To be fair, if you haven’t seen it, I can’t tell you the worse point. I’ll just say this: If Luke had destroyed the Death Star by accident in the original STAR WARS, there would have been no EMPIRE striking back. The fact Lucas toiled for so many years and left such gaping holes in his work is truly discouraging.

It’s a weird place to be, in a world where there’s an episode in that mythic saga that is no good, but here it is. It’s like waking up in a mirror universe, where right is wrong and those you love become those you hate. It’s disorienting in a sharply specific but also elusive way. On seeing some of the choices Lucas made with his creation, I now wonder if he ever understood what he had in the first place.

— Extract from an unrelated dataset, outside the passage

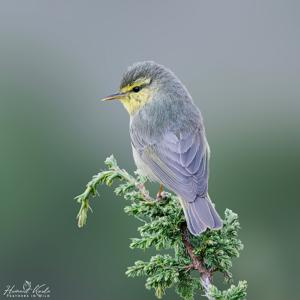 Phylloscopus affinis
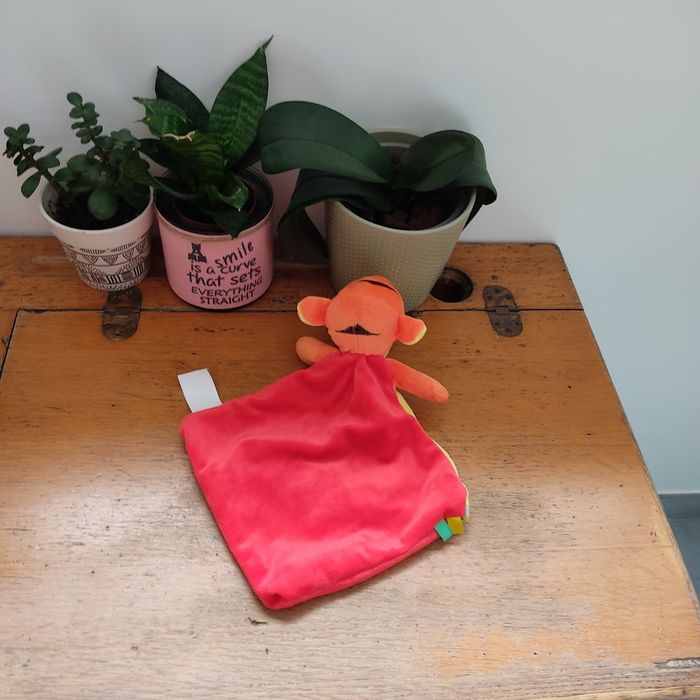 Doudou Tigrou Disney - photo numéro 3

In recent weeks, as in recent years, he’s talked of the fans of his WARS in much the same way someone would speak of an irritation. He stressed to remind them it’s only a movie, a harmless Saturday afternoon children’s lark. Well, bullshit, and he knows it. I’m not saying the mythological and religious undertones in the classic trilogy could form the basis of a real religion, as Frances Ford Coppola tried to convince Lucas in the late 1970s, but he’s talked at length about the carefully constructed values and messages he wove into his work. It’s no accident Yoda is a most beloved teacher. Lucas created him that way. It’s not in doubt when Obi-Wan says several times in STAR WARS, “Trust your feelings Luke.” It’s no chance event Lucas read Joseph Campbell’s HERO WITH A THOUSAND FACES before setting to work some 25 years ago. He meant for STAR WARS to be more than a popcorn movie, and he succeeded brilliantly. What he has done to his saga now, we’ll only fully know after EPISODES TWO and THREE come out, but for the first time I look to the future with fear, and a little anger.

I can thank Lucas, Yoda and Obi-Wan that I know not to let those emotions dominate my destiny.